その言葉の意味は、家畜に心を寄り添わせ、誕生から死までなるべく心身ともに健康的な生活をさせる飼育方法を目指す畜産のあり方で、ヨーロッパの先進国ではだいぶ前から議論になっていて研究や法整備がすすめられているけど、日本はこの分野で先進国の中ではかなり遅れをとっているらしい。
冒頭で触れた鳥インフルエンザ対策の場合は、感染した鶏がいる養鶏場の全部の鶏と、場合によってはその付近にある養鶏場の鶏が殺処分の対象になって、そこには健康な鶏もたくさん混ざっている可能性があるからアニマルウェルフェアに反している。だけど、鳥インフルエンザは感染力が強くて鶏にも人にも感染するから、弱った鶏だけを選別している暇はなく迅速な対応が求められるということらしい。この場合の「殺処分」とは、生きた鶏を大きなポリバケツに入れて上からガスを注入して蓋をする方法で殺して、死体は地面に土葬して消毒用の石灰を撒く…ニュース番組で時々みる真っ白なあれは石灰だったのかと初めて知った同居人。
この時点で目が爛々としてきて、さらに調べ続けた結果、今度はさらなる衝撃の事実を知ってしまった同居人。アニマルウェルフェアが最も無視されているのは、家畜の中でも特に鶏。日本でも外国でも、雄のひよこは、なんと生まれた瞬間に殺処分されているんだって!数年前に、「ひよこミキサー」の動画が流行っていたのは知っていたけど、何かの間違いだろうと思って聞き流していた同居人は、普通にそれが社会の真実だったことにびっくりしたらしい。
生き残った雌のひよこについても、短時間で急激に体が大きくなるように無理やり品種改良されており、さらに充分に運動できない狭い環境で、足や骨が巨体を支えきれないほどの状態でケージに詰め込まれている場合が多いことも初めて知ったんだって。

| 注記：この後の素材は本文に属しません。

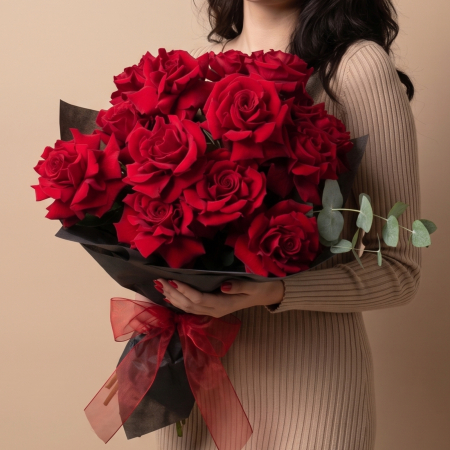 Buchetul Velvet Bloom [1]
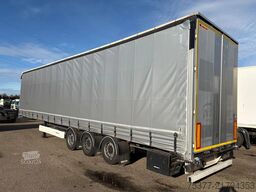 Wielton Mega volume 100 m3, Edscha curtainside SAF-Disc...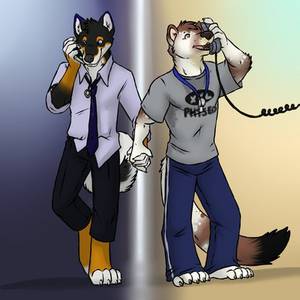 Furry Marriage Porn - Aggrobadger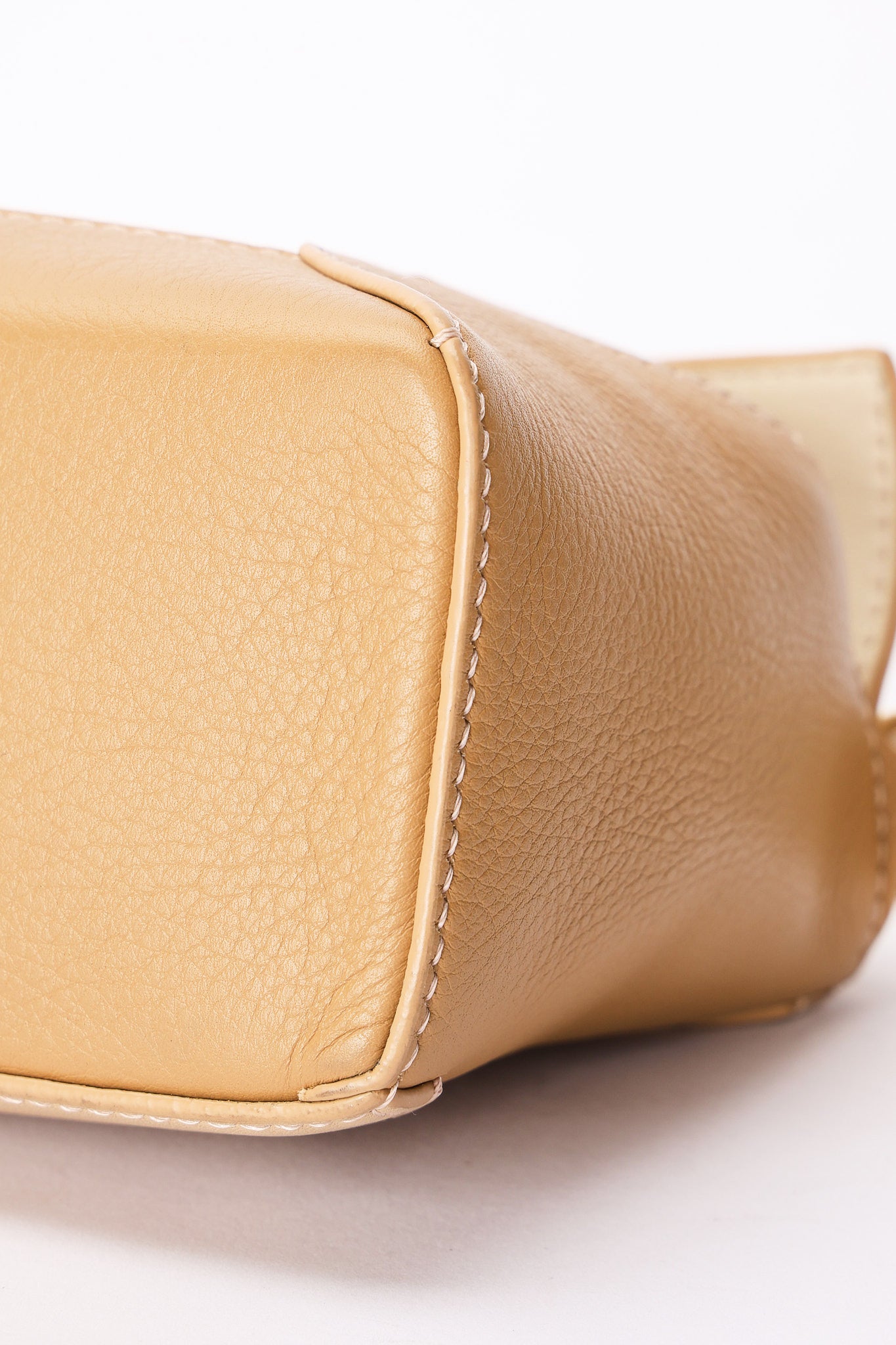 Loewe Tricolor Mini Puzzle Edge Bag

日本の場合、ケージ飼育している養鶏場は約9割で、その鶏の詰め込み具合はブラジルの倍近いという衝撃の事実を知ってしまって、ますます眠れなくなった同居人。ブラジル産の鶏肉は、国産の鶏肉の半額なのに…?
鶏の雄は卵を産まないし、雌に比べて成長も遅くて味もイマイチ→そのまま大きくなるまで飼っていても養鶏場の経営を圧迫するだけだから、殺す!
どうせ殺すのならなるべくお金や時間や手間をかけたくない→生きたまま圧死または生きたままミキサーにかける!

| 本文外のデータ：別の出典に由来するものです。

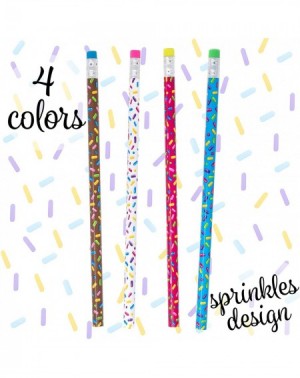 Party Favors 24 Pack Donut Pencil Set - Perfect Addition To Donut Party Supplies Or As Donut Birthday Party Decorations - Fea...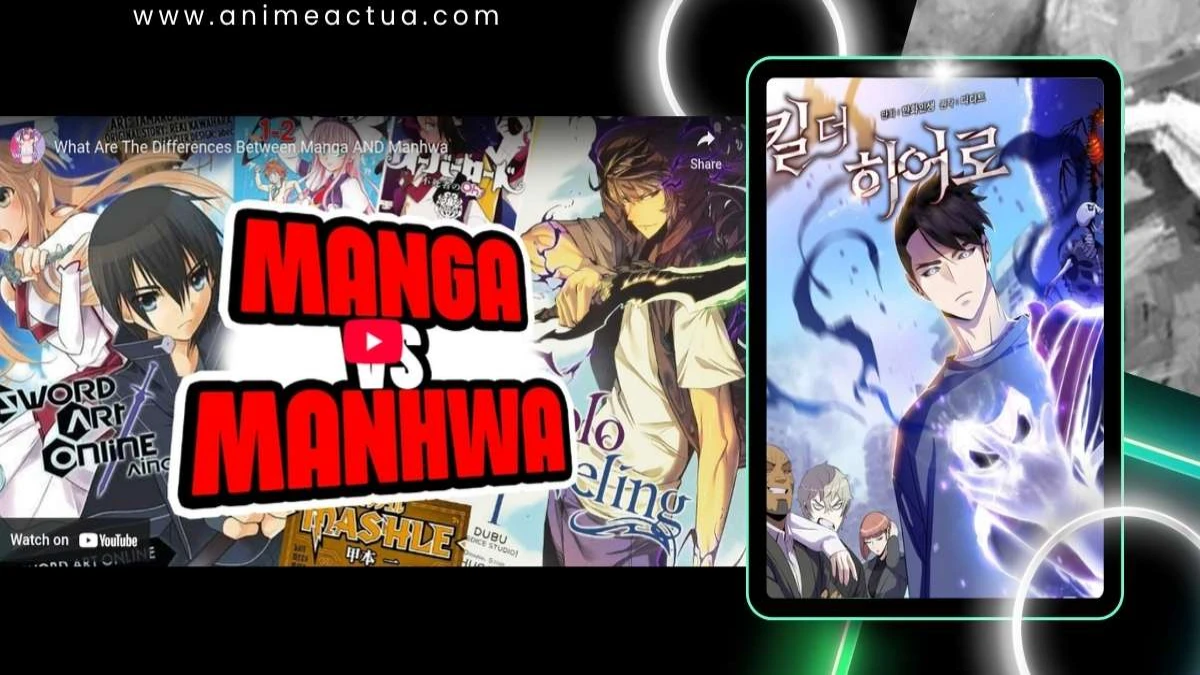 Action Manhwa vs Manga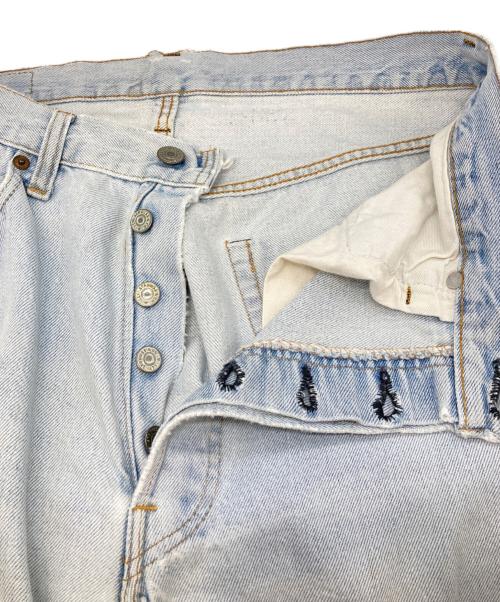 LEVI'S（リーバイス）LEVI'S (リーバイス) 501デニムパンツ　リーバイス　80’ｓ 赤耳 USA製 ボタン裏6 インディゴ サイズ:W35 L36の古着・服飾アイテム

平飼いは、スペースもお金も手間もかかる→なるべくいっぱいの鶏をケージの中にギュウギュウに詰め込む!
ケージの中の鶏の密度が高いと、つつきあって傷がつく→つつけないように、くちばしを切り落とす!
短時間でたくさん肉がとれたほうがいい→より早くより大きく成長するよう、どんどん品種改良してどんどん出荷!

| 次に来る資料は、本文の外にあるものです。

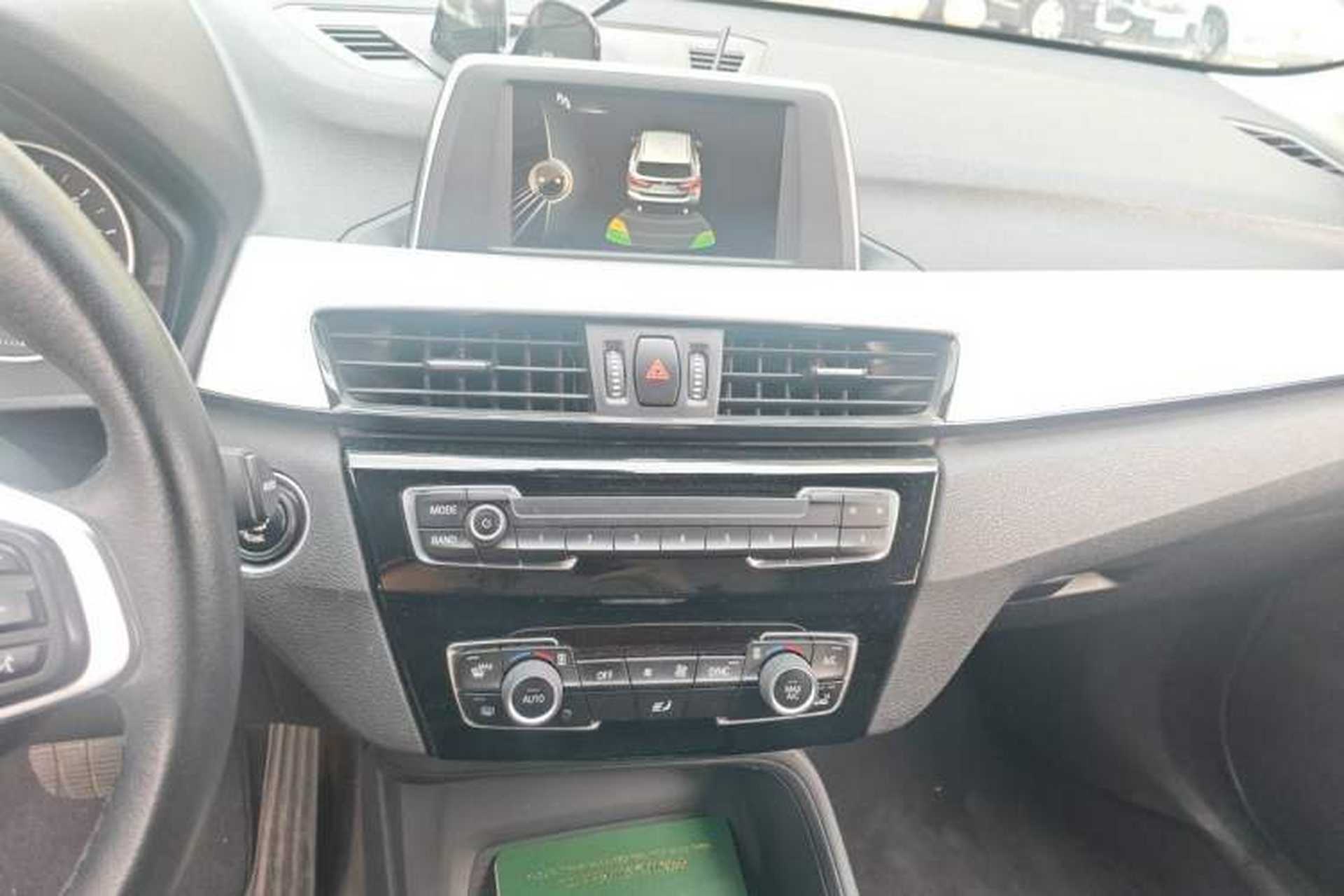Used BMW X1 2016 sDrive18Li Fashion Model Audio And AC Panel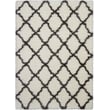 Product Image of Shag Nourison &middot; Ultra Plush Shag &middot; ULP02 &middot; Ivory, Charcoal Area-Rugs
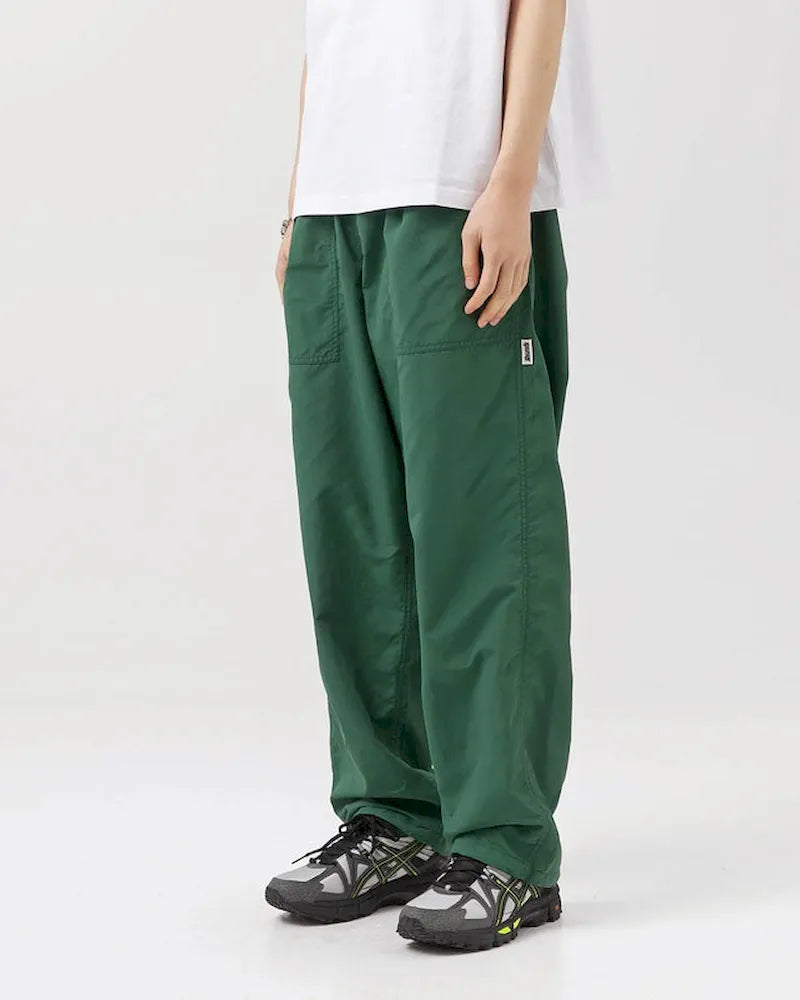 BLACKARMADA Waterproof Baggy Parachute Pants – Breathable Quick-Dry Joggers for Hiking & Outdoor Activities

もっと!もっと!もっと!…人間の欲望は果てしないね。そういえば最近、農水相が卵屋さんから500万円の賄賂をもらったとかで辞めたけど、「土木工事関係じゃなくて卵屋さん?なんか珍しいな。卵の単価はすごく安いのに、それに比べると500万は結構高いよな~」くらいにしか思ってなかった同居人だったけど、この事件にもアニマルウェルフェアが関係してるんだって。今はオリンピック前で日本の食が世界から注目されているらしいんだけど、養鶏に関する国際的な取り決めを巡って、平飼いではなくて現在のケージ飼育を維持・推進したい養鶏場の声をその取り決めの中に反映させるための賄賂だったらしい。
思えば同居人も、鶏肉大好きで、安い卵や国産鶏肉があると喜んで買ってきたから、アニマルウェルフェアを語る資格は全然ないんだけど、せめてこれからは、高いけど平飼いの卵を買うことにしようと思ったんだって。同居人が隣人にこの話をしたら、隣人は「ぼびは幸せな猫だなあ…」ってしみじみ言っていたらしい。一方の同居人は、子ども時代にお祭りで買ったヒヨコから白い立派な雄鶏を育てたことや、茶色の雌の烏骨鶏を三羽飼って卵を産んでもらっていたことを思い出して、もう一度鶏を飼おうか本気で迷っていたよ。でも、ここは熊とか狐がいるから、ちゃんとした鶏小屋を作らないとね!